Aims: The wavelength of a cardiac reentry represents the spatial extent of refractory regions and may be estimated as action potential duration x conduction velocity. We assessed an instantaneous measure of geometric wavelength (GWL) applicable to monitoring the effect of externally-driven variations in acetylcholine concentration (ACh) at a shorter time scale than action potential duration.
Methods: A stable reentry was simulated in a ring (4-cm diameter; 628 cells with Ramirez et al. kinetics). ACh time course was set to a predefined exponential profile composed of a release and a degradation phase (2000 ms each phase) and characterized by its maximum ACh level (30 values between 0 and 0.03 µM) and the time constant (τ) of ACh release and degradation (30 values from 50 to 1000 ms). Reentry GWL was defined as the length of the region with membrane potential above -70 mV. Quasi-static GWL was the steady-state GWL that would be measured if ACh concentration remained constant. Time to 90% adaptation (T90) for the time course of dynamic and quasi-static GWL during ACh release and degradation were documented.

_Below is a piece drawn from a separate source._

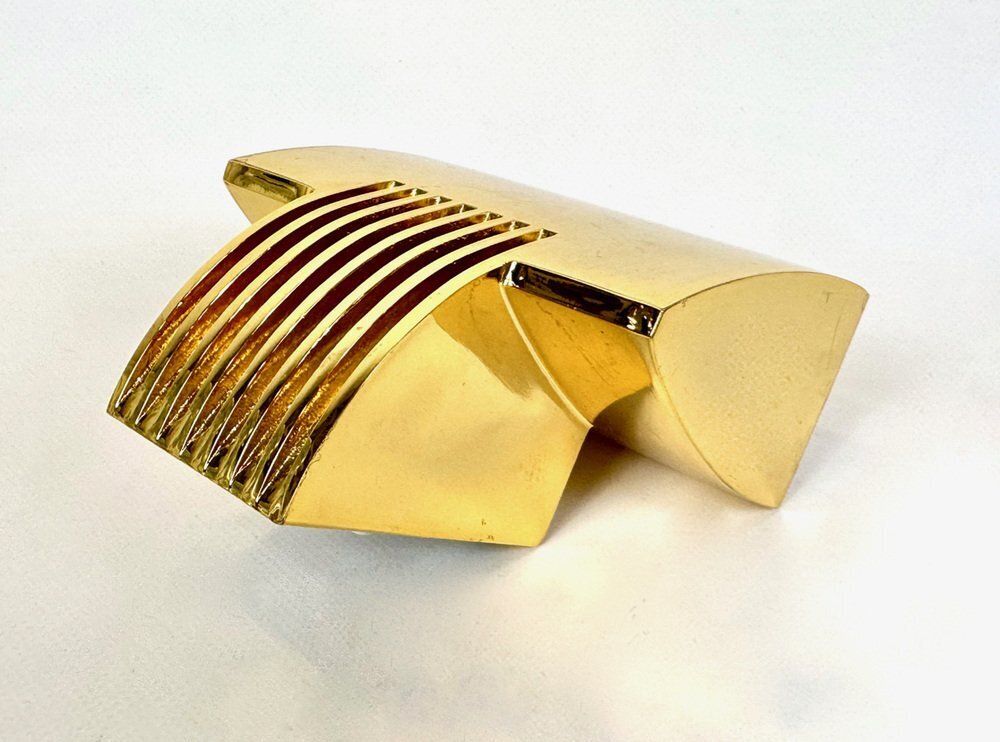 Brass Arqui Sconce By Arch M. Sergi And Oscar Devesa For Metalarte, 1980s photo buy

Results: In the 900 simulations, the time scale of variations in dynamic GWL was faster than ACh time constant τ during ACh release and slower during degradation (T90 / τ = 0.58 ± 0.21 vs 4.54 ± 1.13; p<0.001). This was partially explained by the nonlinear relationship between ACh and quasi-static GWL. The resulting hysteresis was quantified by the area of the dynamic vs quasi-static GWL loop, normalized by the square of GWL range. This relative area was strongly correlated to τ (Spearman's rho = -0.99) independently from ACh maximum level, and varied from 50% (τ = 50 ms) to 15% (τ = 1000 ms).
Conclusion: Geometric wavelength provides an instantaneous measure to describe fast time-scale dynamic changes in refractoriness.